Three tests cover the highest-value end-to-end paths: that compression actually compresses, that the cached-decode optimisation from Lesson 6 still works (a 500ms re-encode budget is roughly 5× faster than a fresh decode, so the test fails loudly if the cache is broken), and that the alt-text enforcement gate from Lesson 12 still gates correctly.

The fixtures matter. Use real photographs at realistic sizes (~3MB, 4000×3000), not 100×100 synthetic test images. Bugs in the responsive-variant pipeline often only manifest above the smallest-variant threshold, and a 100-pixel fixture can never trigger them. Keep fixtures committed in e2e/fixtures/ with file sizes documented in the test names so a reader can immediately tell what each one exercises.

Layer 3: Visual Regression for the LQIP Cross-Fade

Layouts and image-loading transitions are the kind of code where “looks right” is the only test that matters. CSS that compiles and renders something is almost always going to compile and render something; the question is whether what it renders is what you want. Visual regression tests answer that question by capturing a screenshot, comparing against a baseline, and failing the build on pixel-level diffs.

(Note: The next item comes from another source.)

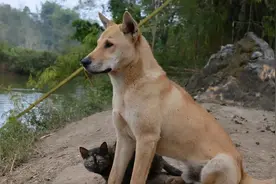 陪伴8年的狗狗去了，悲伤欲绝的主人竟然为它写了一首爆火的歌！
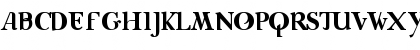 CaseSeraSeraBold Regular Font CaseSeraSeraBold Regular Font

The pragmatic tool in 2026 is Playwright’s built-in visual comparison, which uses the same browser as the integration tests and stores baseline screenshots in the repository.

// e2e/visual.spec.ts
import { test, expect } from '@playwright/test'

test.describe('LazyImage visual states', () => {
	test('LQIP placeholder renders before the full image loads', async ({ page }) => {
		// Throttle the network so the placeholder is visible long enough to capture.
		const cdp = await page.context().newCDPSession(page)
		await cdp.send('Network.enable')
		await cdp.send('Network.emulateNetworkConditions', {
			offline: false,
			latency: 1000,
			downloadThroughput: 100 * 1024, // 100 KB/s
			uploadThroughput: 100 * 1024
		})

		await page.goto('/products/sample-product')

		// Capture the page within 100ms of navigation, before the full image
		// has finished downloading.
		await expect(page.locator('.lazy-image').first()).toHaveScreenshot('lqip-placeholder.png', {
			maxDiffPixelRatio: 0.01
		})
	})

	test('full image replaces placeholder after onload', async ({ page }) => {
		await page.goto('/products/sample-product')

		// Wait for the loaded class to land.
		await page.waitForSelector('.lazy-image img.loaded', { timeout: 10_000 })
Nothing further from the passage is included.